Ghosts on a Train

Red Eye

As a little girl, Oh Mi-sun’s train conductor father was deemed responsible for a commuter train wreck that killed 100 or so travelers. This coincided with her birthday. (Looks like no B-day present from papa this year.) This causes Oh Mi-sun to internalize inner shame for 15 years.

Red Eye 2

Now old enough to get a job and buy her own dang presents, she takes a position as an attendant assigned to ride on this particular train’s last run. Oh, yeah — several of the train cars not damaged by the wreck all those shame-filled years ago are the very ones she’s serving Sapporo™ and squid snacks on. What are the odds?

Red Eye

Slowly, Oh Mi-sun starts having visions of dead people on the implied haunted train (they better have a ticket).

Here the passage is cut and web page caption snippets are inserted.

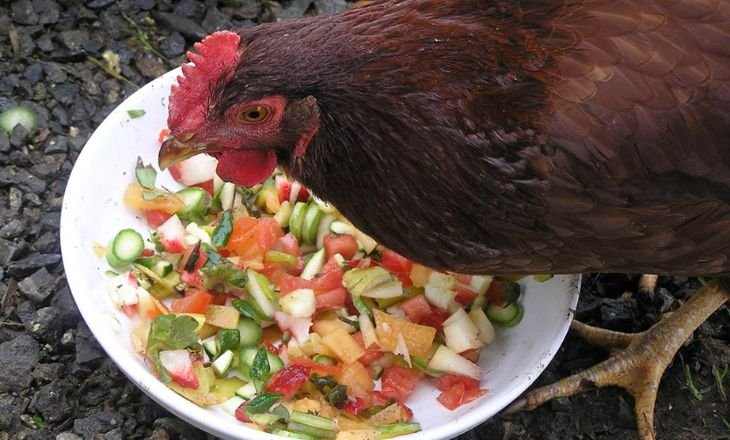 Can Chickens Eat Vegetables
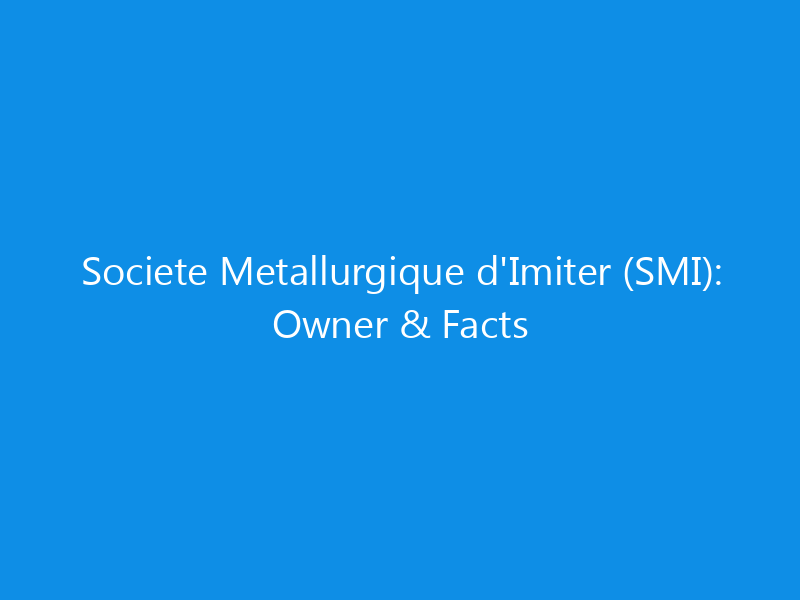 Societe Metallurgique d'Imiter (SMI): Owner & Facts 9 Societe Metallurgique d’Imiter (SMI): Owner & Facts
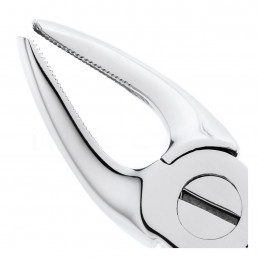 12-7 Щипцы для удаления зубов верхние, премоляры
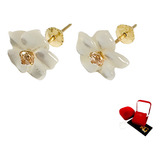 Lancamento Ouro 18k 750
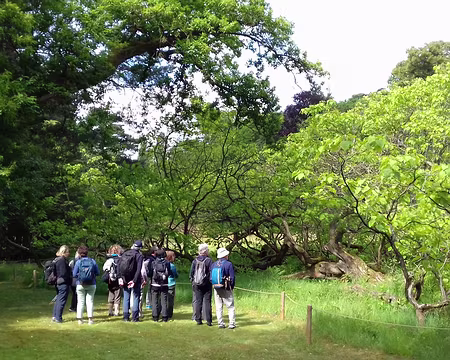 011 Dans le parc, le groupe et le catalpa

Along the way the choo choo stops on the track to let a little ghost girl go by — long enough to allow the ghost train behind them to merge into a “two-for-one” hell ride.

Red Eye

In a pace made for ghost snails, it comes to our attention that the conductor also had links to the past ka-BOOM. Then several more passengers are given time to associate themselves with the historic disaster. Things finally pick up as the ghost train and the regular train come to their proposed conclusion (see, “ka-BOOM!”). Oh Mi-sun’s dead dad re-appears for a look see, as do several other dead-yet-breathing passengers.

Red Eye

Normally a ghost train movie would be a welcome site to my sore TV. Not this one. South Korea’s Red Eye (2005) is slow, patience-testing and filled with coach-class special effects. By the time it was over I felt as though the ghost train had left me at the station. All a-bored.

Red Eye

P.S. I challenge you to not confuse this Red Eye with the U.S. Red Eye, with the same title and released the same year. This one takes place on a plane. That rhymes with train, so I can see why you might be flummoxed.